Living
Starring Bill Nighy, directed by Oliver Hermanus
Rating: ****
Living is more about dying in peace. At least that’s what it seems like for our protagonist Rodney Williams played by Bill Nighy who is one of Britain’s finest actors who is himself lodged in the winter of his existence, just like the character he plays.
Nighy’s feeling of identification with his character Williams must have been extremely high. It shows in the way the character and the actor merge,seamlessly, without fuss .
Yes, Nighy owns his role. Which is half the battle won for South African director Oliver Hermanus who grew up in a state of isolation in his own country. Two of his most remarkable and haunting feature films Beauty and Moffie are about queer segregation .
Living is about isolation in one’s own community and family.Set in London and ensconced in bleakness it nonetheless keeps spirits high even as its protagonist’s flesh proves weak. It’s not that Williams’ son and daughter-in-law don’t care for him. It’s just that they want a life of their own apart from the patriarch.
Some early scenes showing Williams alone in the living room(living,get it?) while his son whispers with his wife in their bedroom , immediately establish Williams’ isolation in his immediate family.
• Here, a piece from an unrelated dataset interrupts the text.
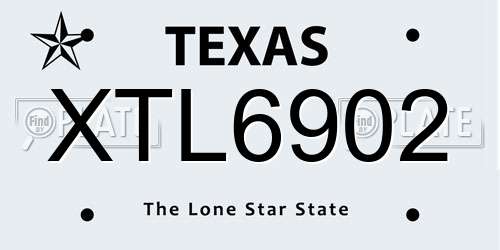 XTL6902 Texas License Plate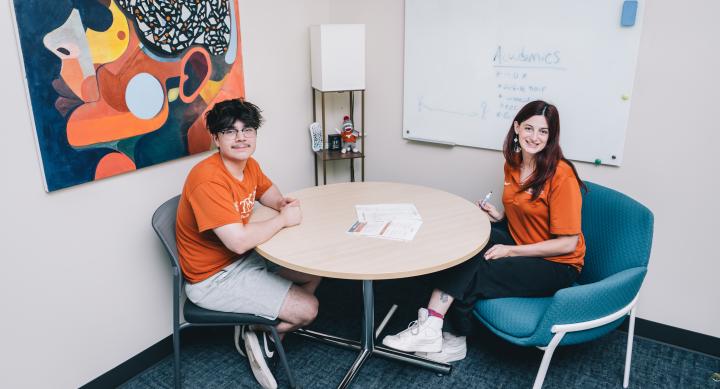 TIESplus coach with a Longhorn student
Then comes the being medical revelation. Williams is dying. Remarkably there is no room for sentimentality in this portrait of a modern family tragedy . The bond that Williams forms with one of his bureaucratic junior colleagues Margaret(Aimee Lou Wood) is more Graham Greene than Leo Tolstoy.
Living written by one of Japan’s literary icons Kazuo Ishiguro, claims to be inspired by a short novel of Tolstoy,which it probably is . But the lonely Williams’ growing need tethering on desperation, to be with Margaret is very much an area occupied by Greene’s fiction, except that Williams’ loneliness doesn’t spread itself into any substantial loss to his dignity.
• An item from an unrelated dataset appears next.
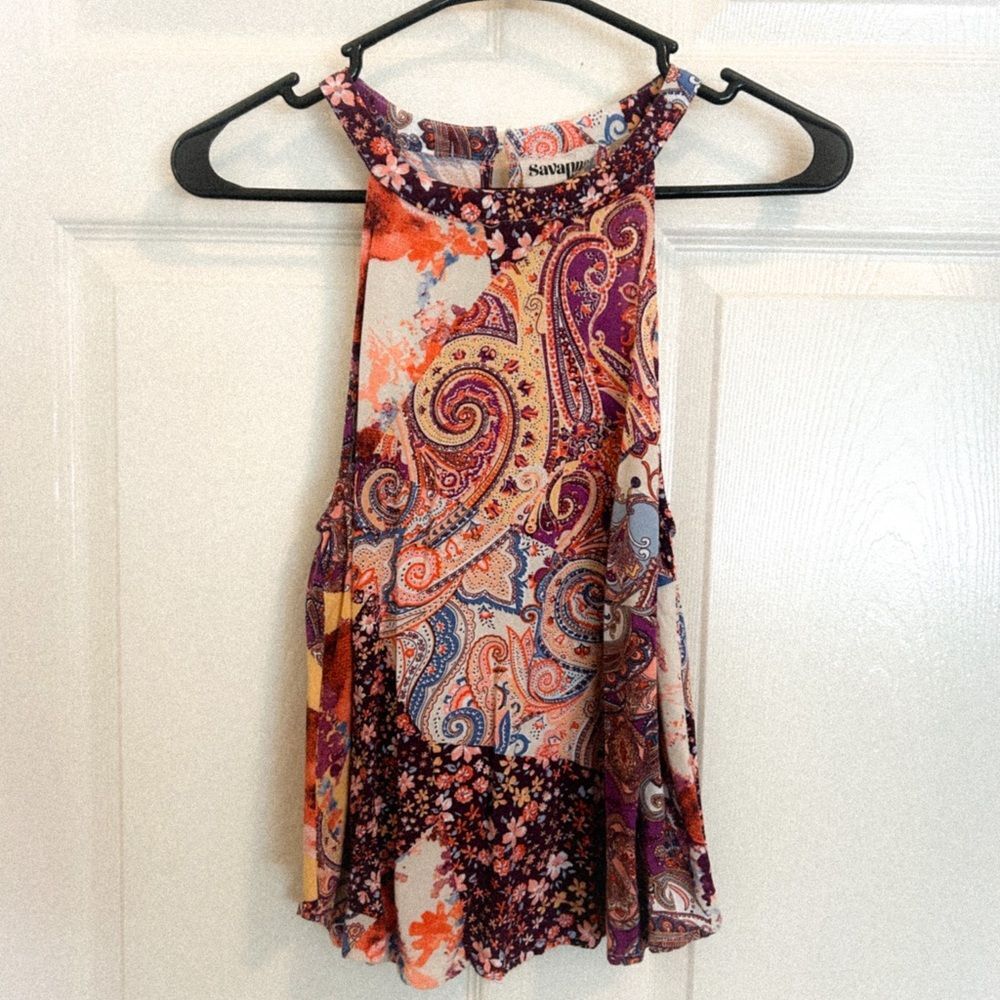 Savanna Jane Paisley Women's Tank Top Sleeveless Button Back Small S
There is a memorable encounter after Williams’ death between his son and Margaret where the son wants to know how she knew about the old man’s terminal illness whilst the son didn’t. It’s not a question with any easy answers. Aimee Lou Wood’s silence says it all.
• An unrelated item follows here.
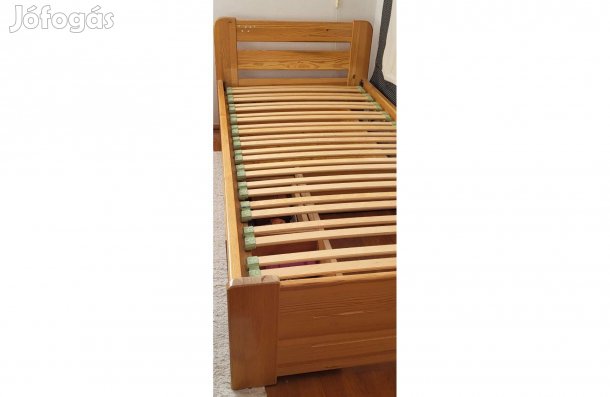 Komplett masszív fenyőágy (Ágyrács, tárolófiók, rekesz, matrac)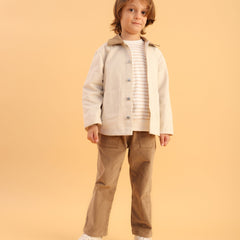 Patique Fitilli Kadife Pantolon Bej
This is film that values understatement. It keeps mum when there is no need to talk.And yes, just because Bill Nighy is such a great actor, it doesn’t mean that the narrative relies blindly on him for efficacy.
Halfway through, Williams exits the plot. The rest of this gentle elegiacal film is about bringing Williams’ dream to fruition.Living ends with a montage of Williams on a children’s swing in a park singing a Scottish folk song ‘The Rowan Tree’ so feelingly that you wonder whom to congratulate for the performance: Nighy or Williams.
Declared as based on Akira Kurosawa’s Ikiru, there is flavor of Kurusawa’s Roshomon in the way Williams’ office colleague Wakeling(Alex Sharp) tries to piece together the dead man’s life. Really, it can’t get any more enigmatic , pragmatic and humanistic than this.